SECTION 3. Notice of the time and place of all regular and special meetings shall be mailed by the secretary to each stockholder entitled to vote at the last known address of said stockholder as the same appears on the books of the Corporation at least 10 days before the date of all regular and special meetings.
SECTION 4. The President of the Corporation, or, in his absence, a Vice President, if any, shall preside at all such meetings.
SECTION 5. At every such meeting each stockholder shall be entitled to cast one vote for each voting share held in his name, which vote may be cast by him either in person or by proxy. All proxies shall be in writing and shall be filed with the Secretary of the Corporation and by him entered of record in the minutes of the meeting.
SECTION 6. A quorum for the transaction of business at such meetings shall consist of a number of stockholders representing a majority of the voting shares issued and outstanding; but the stockholders present at any meeting, though less than a quorum, may adjourn the meeting to a future time without notice other than an announcement at the meeting.

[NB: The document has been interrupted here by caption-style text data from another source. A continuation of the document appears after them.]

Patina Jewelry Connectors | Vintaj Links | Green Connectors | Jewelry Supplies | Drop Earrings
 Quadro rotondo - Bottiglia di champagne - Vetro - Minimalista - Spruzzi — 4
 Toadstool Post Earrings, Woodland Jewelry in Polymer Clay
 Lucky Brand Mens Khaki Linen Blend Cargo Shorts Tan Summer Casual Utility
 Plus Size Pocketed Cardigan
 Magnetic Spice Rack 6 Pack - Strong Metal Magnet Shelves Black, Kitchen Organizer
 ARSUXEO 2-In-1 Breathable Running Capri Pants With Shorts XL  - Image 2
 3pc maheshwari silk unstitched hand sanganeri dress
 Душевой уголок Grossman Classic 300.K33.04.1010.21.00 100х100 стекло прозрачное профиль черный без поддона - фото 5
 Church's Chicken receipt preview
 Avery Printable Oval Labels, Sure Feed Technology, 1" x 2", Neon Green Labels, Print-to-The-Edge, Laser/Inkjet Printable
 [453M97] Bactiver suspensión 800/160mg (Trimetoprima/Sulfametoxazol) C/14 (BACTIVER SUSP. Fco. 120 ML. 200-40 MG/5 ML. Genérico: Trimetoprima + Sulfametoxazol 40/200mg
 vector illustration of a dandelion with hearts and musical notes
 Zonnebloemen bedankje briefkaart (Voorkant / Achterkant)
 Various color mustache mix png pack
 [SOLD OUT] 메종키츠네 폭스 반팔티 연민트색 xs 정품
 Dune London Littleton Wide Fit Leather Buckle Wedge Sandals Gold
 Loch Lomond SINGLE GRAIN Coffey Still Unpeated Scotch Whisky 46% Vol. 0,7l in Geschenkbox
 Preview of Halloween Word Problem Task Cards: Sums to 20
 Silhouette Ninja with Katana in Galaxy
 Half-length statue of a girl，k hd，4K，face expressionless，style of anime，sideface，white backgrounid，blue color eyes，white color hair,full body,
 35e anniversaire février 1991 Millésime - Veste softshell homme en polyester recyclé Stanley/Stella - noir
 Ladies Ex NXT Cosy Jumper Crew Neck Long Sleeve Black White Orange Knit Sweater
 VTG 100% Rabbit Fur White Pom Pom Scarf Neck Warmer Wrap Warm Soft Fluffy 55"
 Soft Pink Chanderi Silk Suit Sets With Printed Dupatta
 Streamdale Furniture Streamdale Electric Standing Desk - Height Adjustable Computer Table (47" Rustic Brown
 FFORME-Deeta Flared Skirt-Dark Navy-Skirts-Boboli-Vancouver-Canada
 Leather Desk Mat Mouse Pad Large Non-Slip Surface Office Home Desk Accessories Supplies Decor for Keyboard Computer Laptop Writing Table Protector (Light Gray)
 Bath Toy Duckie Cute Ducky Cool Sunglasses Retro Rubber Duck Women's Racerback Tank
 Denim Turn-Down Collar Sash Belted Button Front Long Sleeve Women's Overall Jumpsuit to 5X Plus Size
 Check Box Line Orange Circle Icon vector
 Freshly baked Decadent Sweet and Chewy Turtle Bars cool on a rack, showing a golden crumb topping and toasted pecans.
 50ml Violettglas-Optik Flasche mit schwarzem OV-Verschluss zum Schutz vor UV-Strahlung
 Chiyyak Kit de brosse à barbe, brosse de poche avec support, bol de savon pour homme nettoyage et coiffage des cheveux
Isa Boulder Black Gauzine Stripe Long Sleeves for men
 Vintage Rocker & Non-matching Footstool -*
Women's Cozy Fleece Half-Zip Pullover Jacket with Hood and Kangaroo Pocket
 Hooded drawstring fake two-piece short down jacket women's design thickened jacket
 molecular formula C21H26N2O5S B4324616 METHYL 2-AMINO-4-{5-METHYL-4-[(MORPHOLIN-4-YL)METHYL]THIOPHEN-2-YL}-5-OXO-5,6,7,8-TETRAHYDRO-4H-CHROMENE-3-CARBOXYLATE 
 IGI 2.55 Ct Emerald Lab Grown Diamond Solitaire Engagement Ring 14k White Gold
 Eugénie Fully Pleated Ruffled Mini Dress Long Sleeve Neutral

ARTICLE III. BOARD OF DIRECTORS
SECTION 1. The business and property of the Corporation shall be managed by a board of one or more directors who shall be elected by the stockholders at each regular meeting and shall hold office until their successors are duly elected and qualified. The number of directors to be elected at each regular meeting shall be determined by the directors in advance of the meeting and set forth in the notice thereof, subject to the right of the stockholders, by majority vote taken at the meeting, to change the number of directors to be elected.
SECTION 2. The regular meetings of the Board of Directors shall be held without notice immediately after the adjournment of each regular stockholders meeting.
SECTION 3. Special meetings of the Board of Directors may be called by the President of the Corporation, and in his absence by a Vice President, if any, or by any member of the Board of Directors.
SECTION 4. Notice of all regular and special meetings shall be mailed or telegraphed to each Director by any Director at least 5 days prior to the time fixed for the meeting. All notices of special meetings shall state the purpose thereof.
SECTION 5. A quorum for the transaction of business at any regular or special meeting of the Board of Directors shall consist of a majority of the members of the Board.
SECTION 6. The Directors shall elect the officers of the Corporation and fix their salaries, such election to be held at the Directors meeting following each regular stockholders meeting.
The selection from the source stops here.